Those
who do not take note of rulings by the United States Tax Court may have missed a
recent decision that has caused many in the retirement plans community to sit
up and take notice.
The
case, Ellis v Commissioner, involved
a taxpayer who funded a business start-up with assets rolled over to an IRA
from a former employer’s qualified plan, a transaction referred to as a rollover-as-business startup (ROBS).
Unfortunately, in the process of establishing a used car business with
the rolled-over funds, causing the business to enter into a real estate rental
agreement with related parties, and paying himself for services to the business,
the IRS determined that the defendant ran afoul of the prohibited transaction rules. As a result, the IRA that had funded the used
car business start-up was disqualified, deemed distributed, and the defendant became
subject to substantial tax and penalty consequences.
We have
known for some time that the IRS has been “making a list, and checking it
twice,” when it comes to ROBS to inject a little seasonal flavor.
The Service is deeply concerned about transactions that abuse the tax
rules in order to avoid legitimate taxation.
Some feel
this U.S. Tax Court ruling is a “shot across the bow,” bearing in mind
that it was the Service that first disqualified the defendant’s IRA,
which—following appeal—led to the involvement of the Tax Court. It certainly should serve as a caution to anyone
who might consider using accumulated retirement assets to start a business. The real scrutiny began roughly five years
ago with an IRS compliance initiative targeting ROBS arrangements.
More typical
than the IRA rollover example in this Tax Court case, in the ROBS process a
taxpayer sets up a corporation, which establishes a qualified plan. The plan first accepts the rollover, then
uses it to purchase stock issued by the founding corporation. The stock is in the plan, and the rollover cash
used to purchase it is used by the corporation (the owner) to fund a business
start-up, or perhaps purchase a business franchise.
Not all such
transactions are considered abusive or illegal.
Some of these ROBS arrangements have been approved in the past.

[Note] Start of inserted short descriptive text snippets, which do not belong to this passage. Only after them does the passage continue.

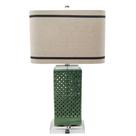 Abajur Lúminaria Porcelana Verde Vazado Cúpula Bege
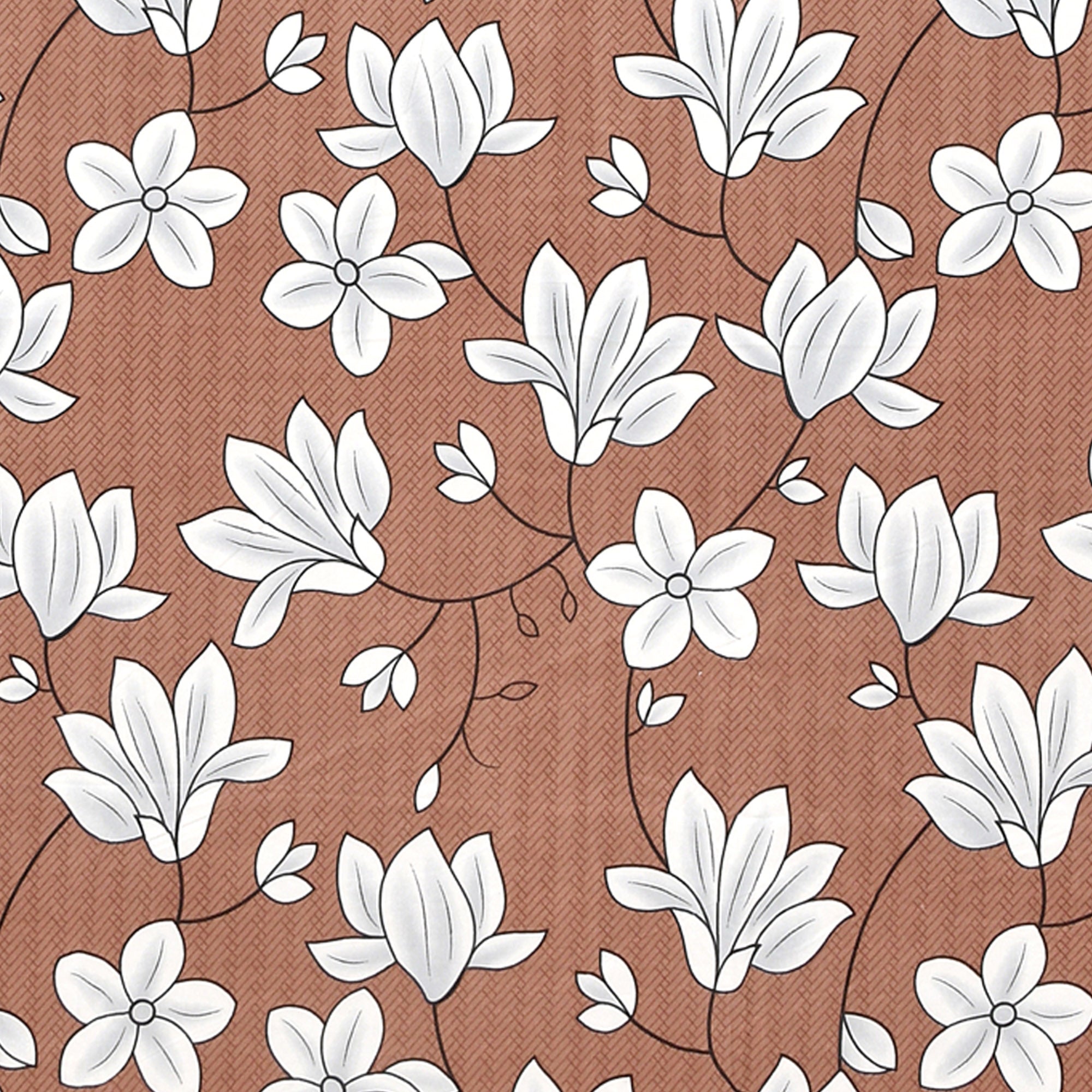 eCraftIndia 250 TC Brown & White Flowers Printed Cotton Double Bedsheet With 2 Pillow Covers 5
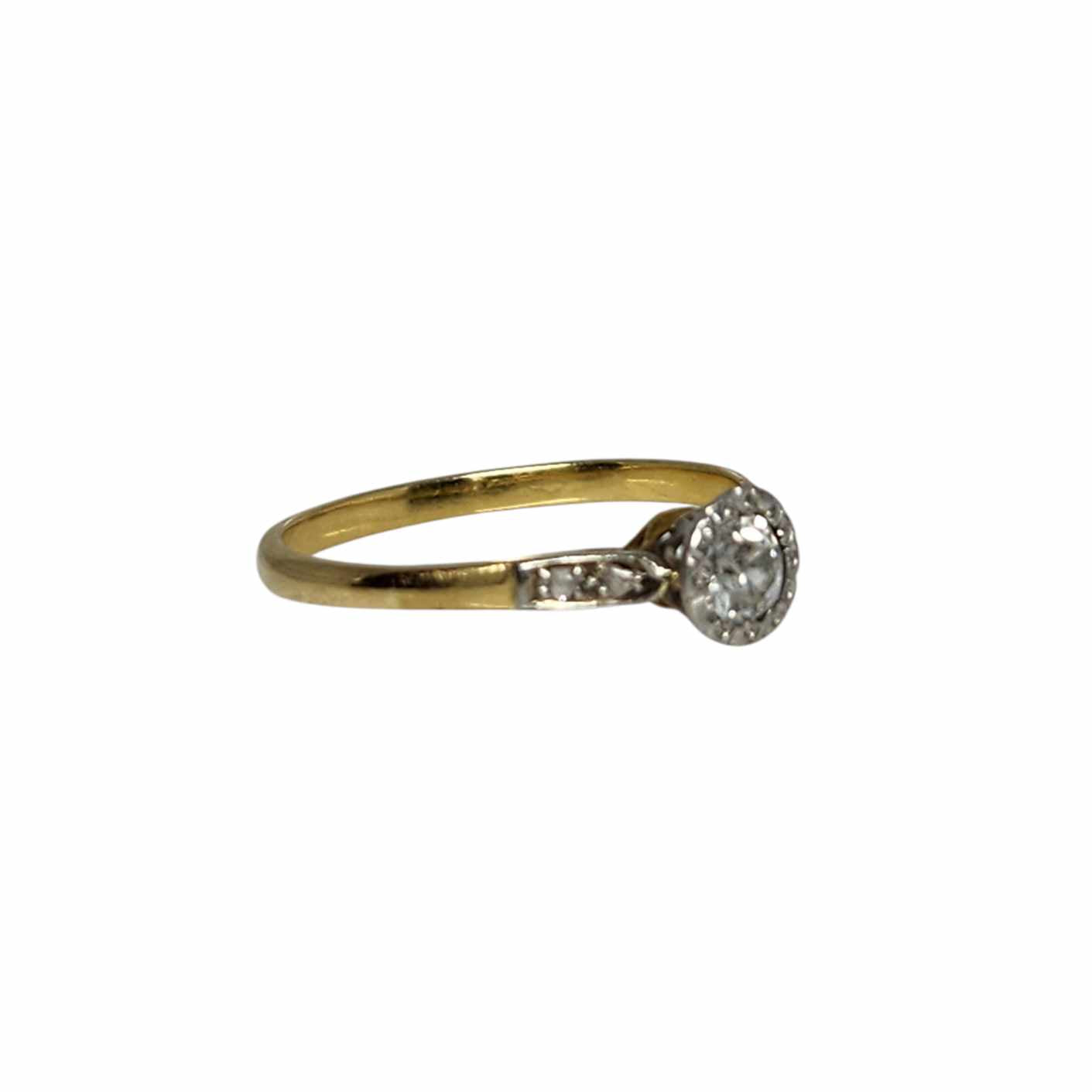 Edwardian Platinum & 18K Old Mine Cut Diamond Ring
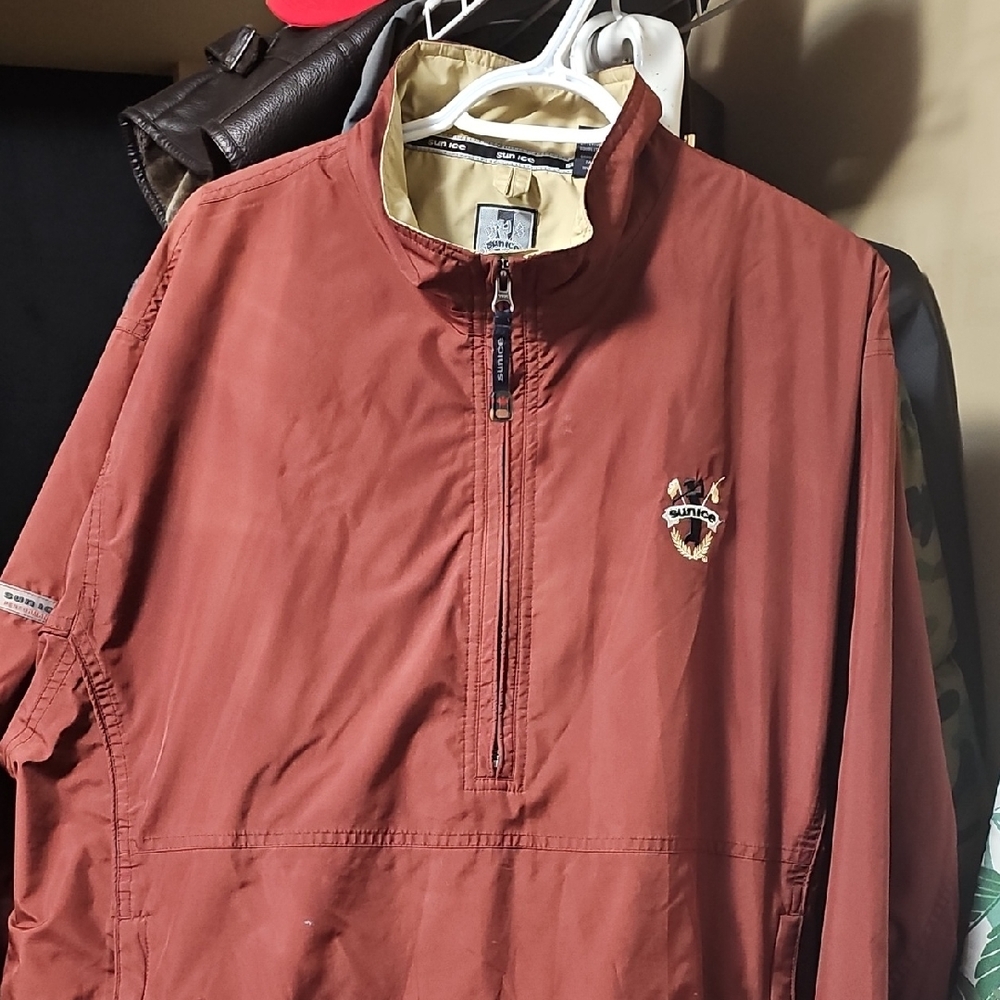 Sunice Zephal Tycoon Maroon Quarter-Zip Jacket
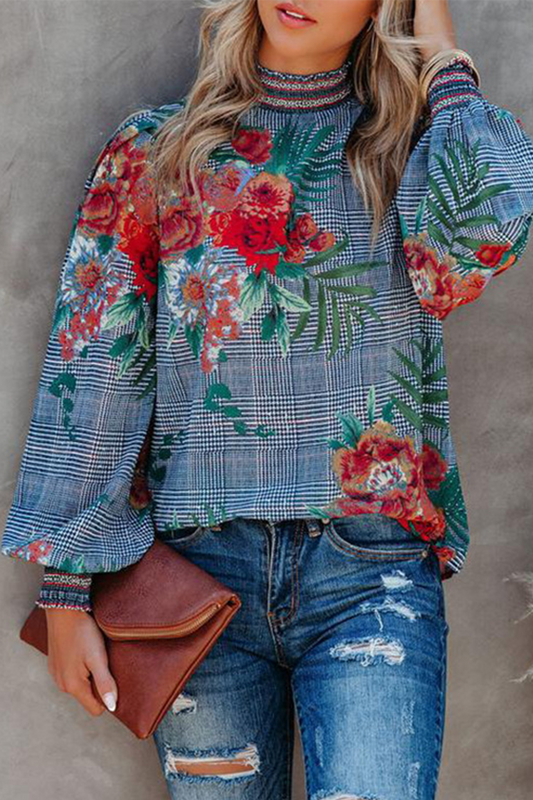 Tops casuales de cuello alto con abertura y estampado de rayas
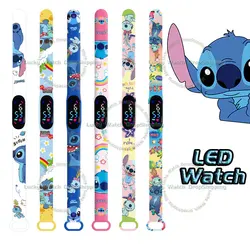 Disney-relojes digitales de Stitch para niños, figuras de acción de dibujos animados, Anime, LED, táctil, electrónico, impermeable, reloj deportivo para niños, regalos de cumpleaños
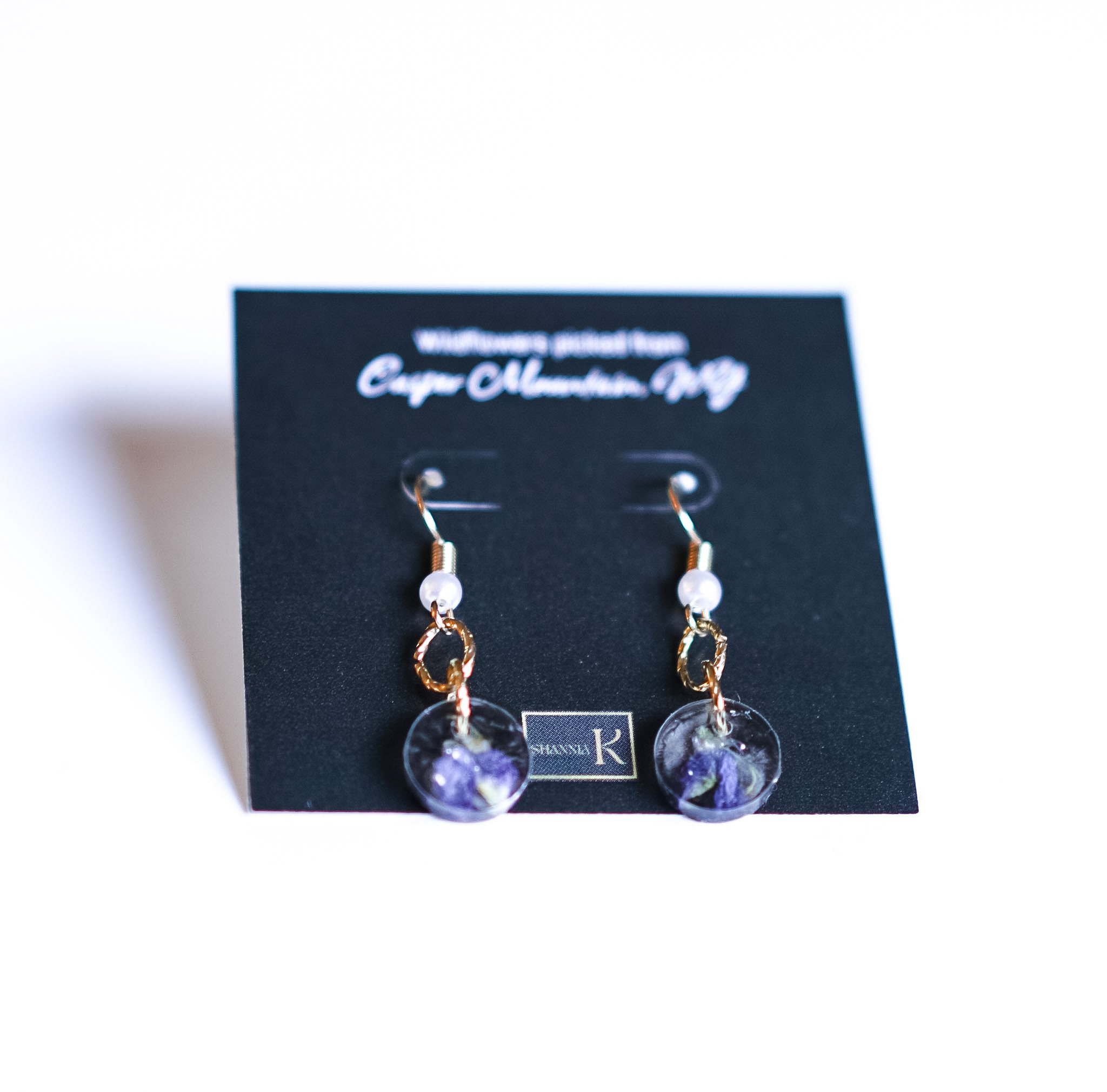 Small Purple Flower Dangle Earrings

But some, as in Ellis v
Commissioner, either cross the line as prohibited transactions, or break
ERISA rules for plan operation. One example
of a post-ROBS operational failure is allowing the owner’s account to purchase
the corporate stock, an investment that is denied to others who—now or later—may
participate in the plan. Besides the
potential discrimination in such a situation, there may also be issues with
establishing the value of the corporate stock purchased with the rollover
assets. Often, the amount of the rollover
and the value of the stock purchased by the plan are—too coincidentally—
virtually the same, even when the corporate entity has yet to do a dime’s worth
of business. That can be seen as a red
flag to a reviewer.
The IRS is
also interested in IRA and employer plan asset valuation in more general
terms. Valuation is a special concern
when an investment is not traded on a public exchange, and is therefore hard to
value. Such investments may include real
property, securities options, debt obligations, partnership interests, and
others. Valuation is of particular
importance when potentially taxable distributions are taken from retirement
arrangements, or when a taxpayer executes a Roth IRA conversion, or an in-plan
Roth rollover (IRR) within a 401(k), 403(b) or 457(b) governmental plan. Like a distribution of pre-tax assets, a Roth
conversion or IRR is a taxable event. If
investments are unintentionally or intentionally undervalued, the asset owner
may gain, while the U.S. Treasury—and American taxpayers—lose.
One clear
manifestation of this asset valuation concern is the DRAFT 2014 Instructions to Forms 1099-R and 5498, released in June.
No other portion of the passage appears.